Monday, November 8, 2010
Last week, the Seventh Circuit issued an opinion concerning the All Writs Act in Thorogood v. Sears, Roebuck and Company (No. 10-2407). Suit 1 involved plaintiff Thorogood, who sued in the state court of Illinois. Sears, the defendant, removed to federal court, and the federal district judge, Judge Leinenweber, certified the class action. Plaintiff alleged that Sears engaged in deceptive advertising because its Kenmore-brand clothes dryer was not made entirely of stainless steel; the front part of the drum is made of a ceramic-coated mild steel, which isn’t stainless steel. Sears appealed Judge Leinenweber’s decision to certify the class and, on appeal, the Seventh Circuit decertified, calling the case “a notably weak candidate for class treatment.” (Thorogood Opinion at 5.) In particular, the Seventh Circuit held that common issues didn’t predominate because it was inconceivable that class members had a shared understanding of the advertisments. After decertification, Sears made a Rule 68 offer of judgment for $20,000 (even though the maximum damages Thorogood could recover under Tennessee law were $3,000). When the plaintiff refused, Judge Leinenweber dismissed the case since the offer exceeded the amount in controversy and mooted the case.
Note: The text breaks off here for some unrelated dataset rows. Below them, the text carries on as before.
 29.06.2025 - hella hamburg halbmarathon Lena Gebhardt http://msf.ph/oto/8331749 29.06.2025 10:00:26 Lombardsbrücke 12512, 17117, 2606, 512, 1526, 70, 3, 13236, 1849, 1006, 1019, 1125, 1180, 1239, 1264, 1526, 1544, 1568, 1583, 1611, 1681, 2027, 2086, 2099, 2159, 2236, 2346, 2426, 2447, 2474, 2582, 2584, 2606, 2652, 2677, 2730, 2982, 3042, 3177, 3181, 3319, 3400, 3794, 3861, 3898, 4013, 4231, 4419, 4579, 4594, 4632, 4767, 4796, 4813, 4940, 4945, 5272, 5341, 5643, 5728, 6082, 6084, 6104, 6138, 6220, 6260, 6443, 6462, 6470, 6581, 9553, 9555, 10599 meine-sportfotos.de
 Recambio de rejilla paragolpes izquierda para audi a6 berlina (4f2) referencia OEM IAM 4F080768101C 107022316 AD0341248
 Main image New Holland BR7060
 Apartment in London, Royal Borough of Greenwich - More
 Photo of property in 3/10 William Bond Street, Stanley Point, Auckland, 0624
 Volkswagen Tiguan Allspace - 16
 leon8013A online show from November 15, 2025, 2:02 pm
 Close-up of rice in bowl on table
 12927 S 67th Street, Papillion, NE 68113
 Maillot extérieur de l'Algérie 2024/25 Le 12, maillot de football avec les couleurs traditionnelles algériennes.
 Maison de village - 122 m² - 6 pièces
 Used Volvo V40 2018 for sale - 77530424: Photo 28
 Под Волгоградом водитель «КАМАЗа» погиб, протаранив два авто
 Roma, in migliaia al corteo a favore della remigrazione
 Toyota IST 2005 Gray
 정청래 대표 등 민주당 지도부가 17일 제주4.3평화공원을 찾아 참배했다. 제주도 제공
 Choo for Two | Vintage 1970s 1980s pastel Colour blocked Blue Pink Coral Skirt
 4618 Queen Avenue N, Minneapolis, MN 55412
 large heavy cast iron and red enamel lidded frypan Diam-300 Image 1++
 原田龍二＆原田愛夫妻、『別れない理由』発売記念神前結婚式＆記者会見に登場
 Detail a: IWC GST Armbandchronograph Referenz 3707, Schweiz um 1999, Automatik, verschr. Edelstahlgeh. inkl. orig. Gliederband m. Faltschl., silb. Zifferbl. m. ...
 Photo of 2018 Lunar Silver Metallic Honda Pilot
Thorogood appealed and the Seventh Circuit affirmed the district court’s denial of attorneys’ fees and the dismissal of the suit.
Thorogood’s counsel (Clinton Krislov) found another plaintiff (Murray) and filed another, similar putative class action suit against Sears in California state court, which Sears promptly removed and argued was barred by issue preclusion. In particular, Sears argued that the issue of whether the class could be certified had already been litigated and determined in the Illinois action. The district court judge in California, Judge Claudia Wilken, initially agreed. Plaintiffs’ counsel then amended the complaint and, according to Judge Wilken, sufficiently differentiated it from the complaint in Thorogood “to avoid the application of collateral estoppel.” (Murray v. Sears, Roebuck and Co., 2010 WL 3490214, at *4 (N.D. Cal. Sept. 3, 2010)).
Sears returned to the court in the Northern District of Illinois and asked Judge Leinenweber to enjoin the federal court in California from proceeding under the All Writs Act, 28 U.S.C. 1651(a). Judge Leinenweber, however, ruled that Sears could obtain adequate relief by pleading collateral estoppel in the California action. In a harshly worded opinion by Judge Posner, the Seventh Circuit reversed and enjoined class members and class counsel from further pursuing similar class action suits. Because the issue that was precluded was whether the action could be maintained as a class action, the ruling did not prevent class members from pursuing an individual suit.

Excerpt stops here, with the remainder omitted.